Understanding the Comparison Process

During a Validation Run, Validata follows a multi-step process to compare records between the Source and Target tables in each Validation Pair. This process includes:

Filtering out records with null values in the comparison key columns,
Excluding duplicate records, and
Evaluating the remaining unique records

This section offers a conceptual view of the comparison process and explains how Validata computes comparison metrics.

Forming Validation Pairs

The comparison process begins by forming Validation Pairs, where each Pair consists of a table from the Source dataset and its corresponding table from the Target dataset. Validata intelligently auto-maps Source tables to Target tables and maps Source and Target columns within each Pair to one another. You may modify or override any of these mappings and select which mapped tables and columns Validata should evaluate.

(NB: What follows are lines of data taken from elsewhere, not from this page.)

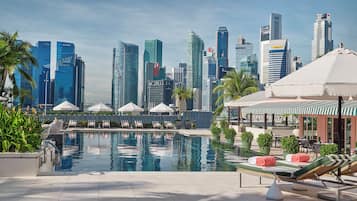 Outdoor pool, pool umbrellas, sun loungers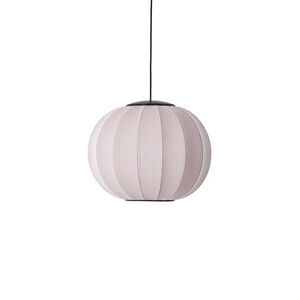 Rund pendellampe i lys pink med stribet overflade, hængt op med sort ledning.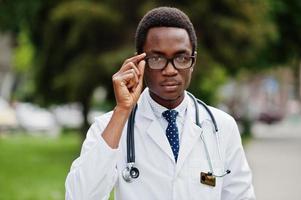 elegante médico afroamericano con estetoscopio y bata de laboratorio, con anteojos posados al aire libre. foto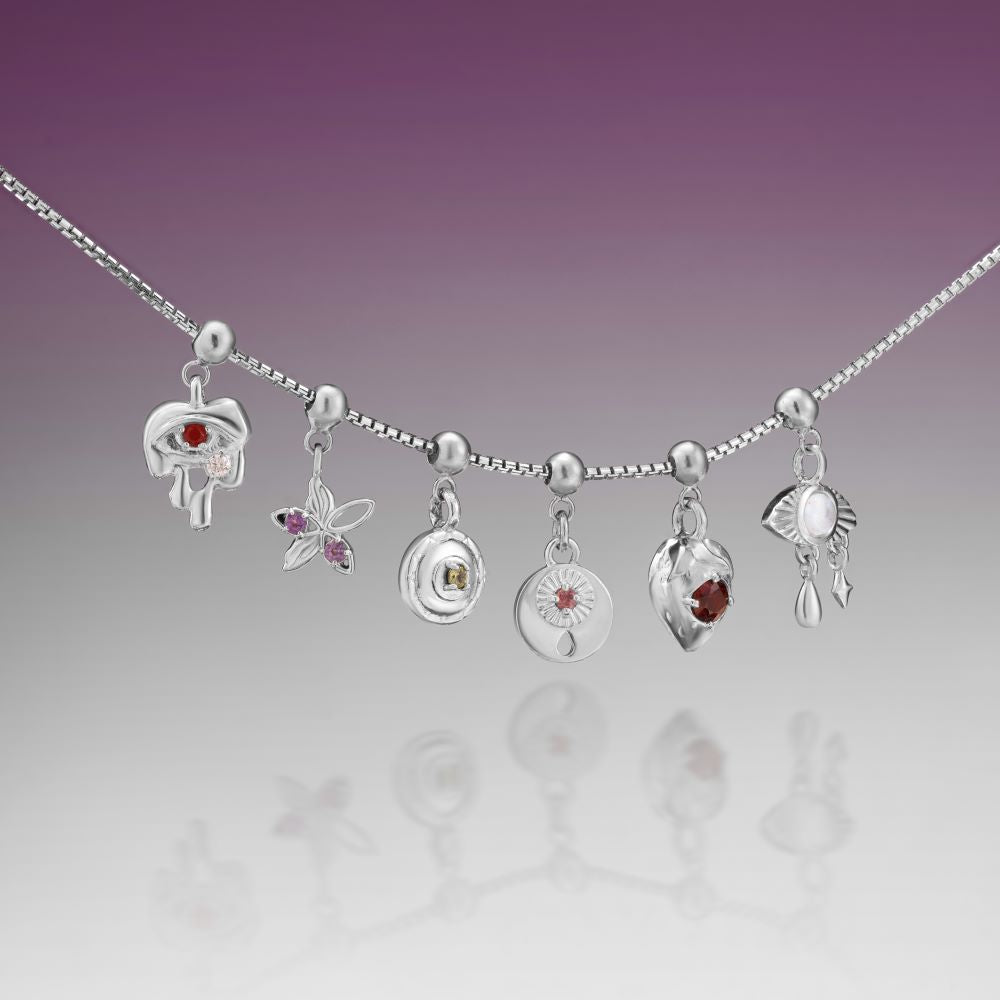 Veyora Charm - Eyeverse OfTheSun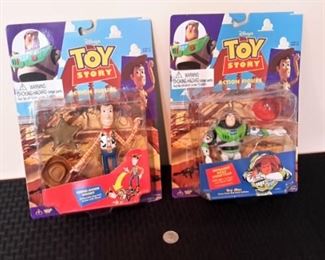 Toy Story Woody and Buzz Lightyear action figures, new in box.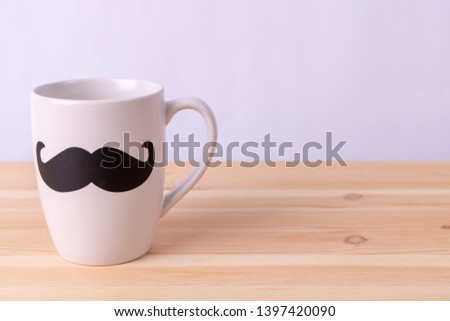 Happy fathers day concept. Coffee cup with black paper mustache on wooden background. Love Dad my hero.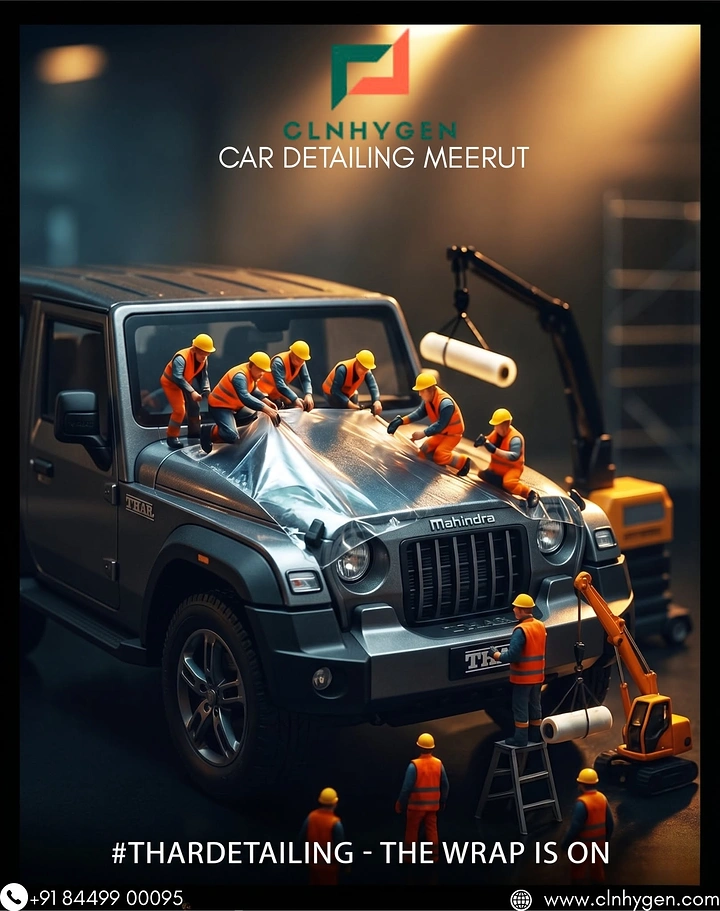 Car Wash & Detailing creative ad: Tiny construction workers wrapping a grey SUV in protective film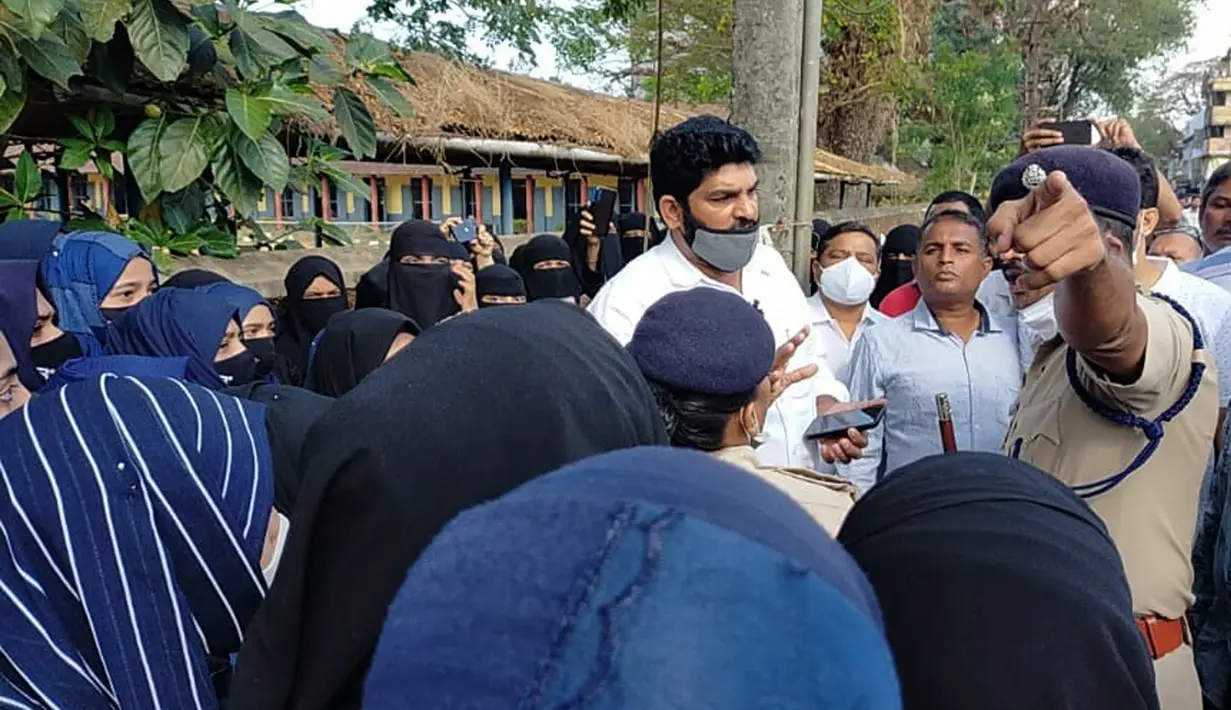Orang tua siswi India yang dilarang masuk ke ruang kelas mereka karena mengenakan jilbab berdebat dengan seorang petugas polisi di luar gedung kampus di Udupi, India, Jumat, 4 Februari 2022. (Bangalore News Photos via AP)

Validata will only compare the data in the mapped columns that you have selected for comparison. If the Source and Target tables contain mapped columns that you have not selected for comparison, Validata will not process and evaluate the data in those columns.

A few additional points:

If a column in the Source or Target table contains a data type unsupported by the current Validata edition, that column cannot be selected for comparison
If a column in one table of the Validation Pair is not mapped to a column in the other table in the Pair, that column cannot be selected for comparison.
All Validation types require you to specify comparison key(s), except for Custom Validation where the comparison key is optional but recommended.

Selecting Comparison Keys

The next step is identifying the column or set of columns that serve as Comparison Keys. These keys determine how Validata matches records in the Source table to records in the Target table.

We recommend that you choose a column that contains unique values as the comparison key column to ensure that the comparison does not result in unexpected comparison results.

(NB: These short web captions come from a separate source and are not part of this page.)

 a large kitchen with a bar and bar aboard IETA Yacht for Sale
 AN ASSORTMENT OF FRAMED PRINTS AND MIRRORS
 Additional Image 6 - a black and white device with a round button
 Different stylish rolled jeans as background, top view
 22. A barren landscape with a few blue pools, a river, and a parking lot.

If the data system requires a primary key, we strongly recommend that you choose the primary key as the comparison key. Depending on your use case, you may also choose a column other than the primary key as your comparison key, or you may choose multiple columns to act as a composite comparison key. Validata filters out records that have null values in any of the comparison key columns and does not compare records that contain duplicate values in the comparison key columns; therefore, you should choose your comparison keys appropriately.

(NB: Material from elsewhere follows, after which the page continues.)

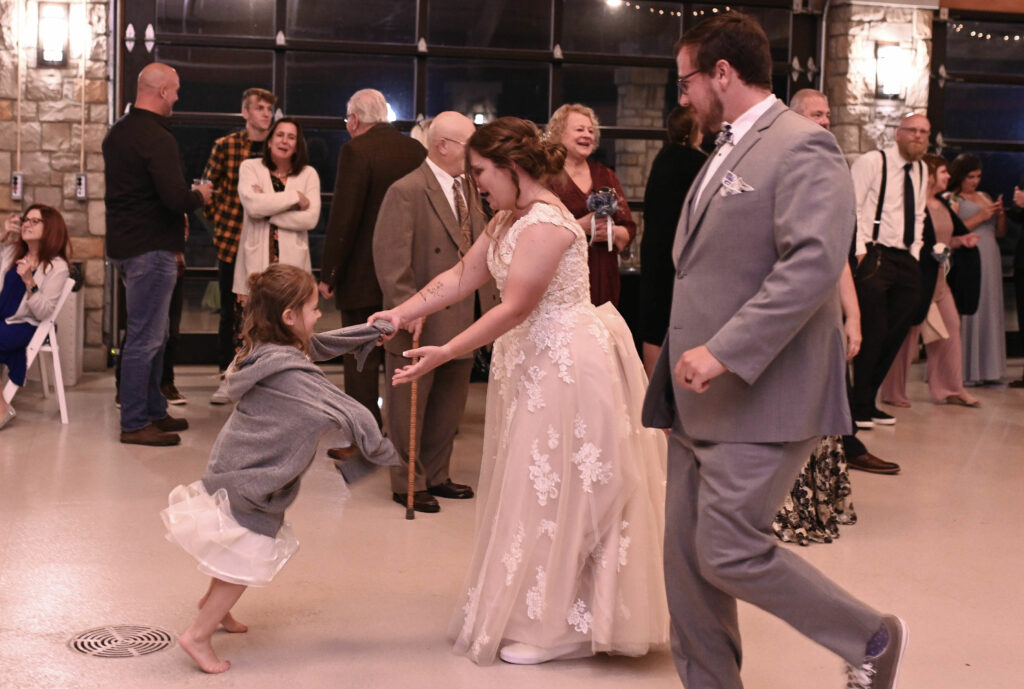 Kayge & Jayson dancing with guests at their Wedding Reception at Water's Edge Park in Powell, OH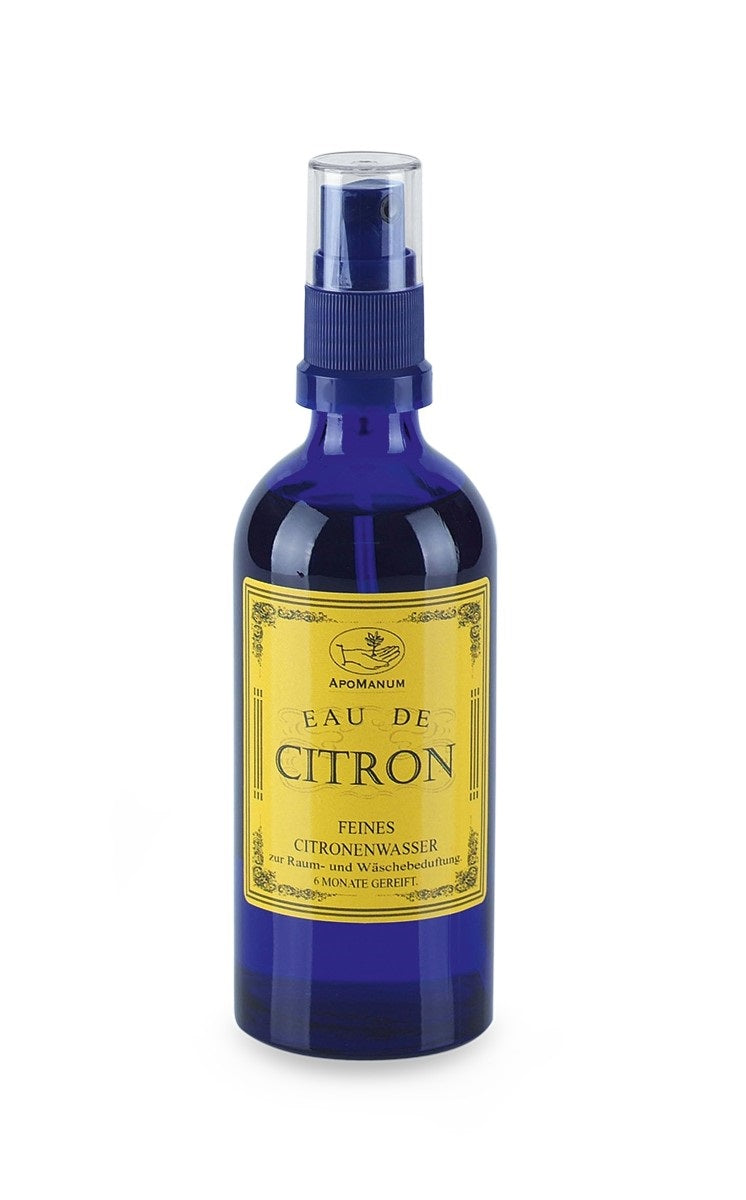 Apomanum Eau de Citron – blaue Sprayflasche mit gelbem Etikett, weißer Hintergrund – Raumduft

In this section, we present two scenarios to illustrate the comparison process:

Comparison using 1 column as the comparison key
Comparison using 2 columns to form a composite comparison key

We will use fictional point-of-sale data that is replicated from a relational database (Source) to a data warehouse (Target). We assume that the data warehouse is configured in APPEND mode; therefore it supports duplicate records, i.e. records that share the same primary key.

Scenario-1: Using 1 column as the Comparison Key

In this scenario, we map Source.TxnID to Target.TxnID to form the Comparison Key. Validata uses this comparison key to match records in the Source table to corresponding records in the Target table. We also map semantically equivalent data in both tables to ensure accurate comparison (e.g., Source.MerchName is mapped to Target.MerchName).

Filtering null records

When ingesting data, Validata automatically filters out records that have null values in the comparison key column (i.e., TxnID). These null records are not processed, compared, or included in the validation metrics or reconciliation scripts.

Identifying and excluding duplicate records

Next, Validata identifies and excludes duplicate keys and their associated duplicate records from the comparison.

As defined previously, a duplicate key is a comparison key value that appears in two or more records within either the Source or the Target table after null records have been filtered. In the current example, Validata has identified 3 duplicate keys: TxnID = 1003, TxnID = 12054, and TxnID = 12061.

Any record in the Source or Target table of a Validation Pair whose TxnID matches any of the duplicate keys is classified as a duplicate record and excluded from further comparison.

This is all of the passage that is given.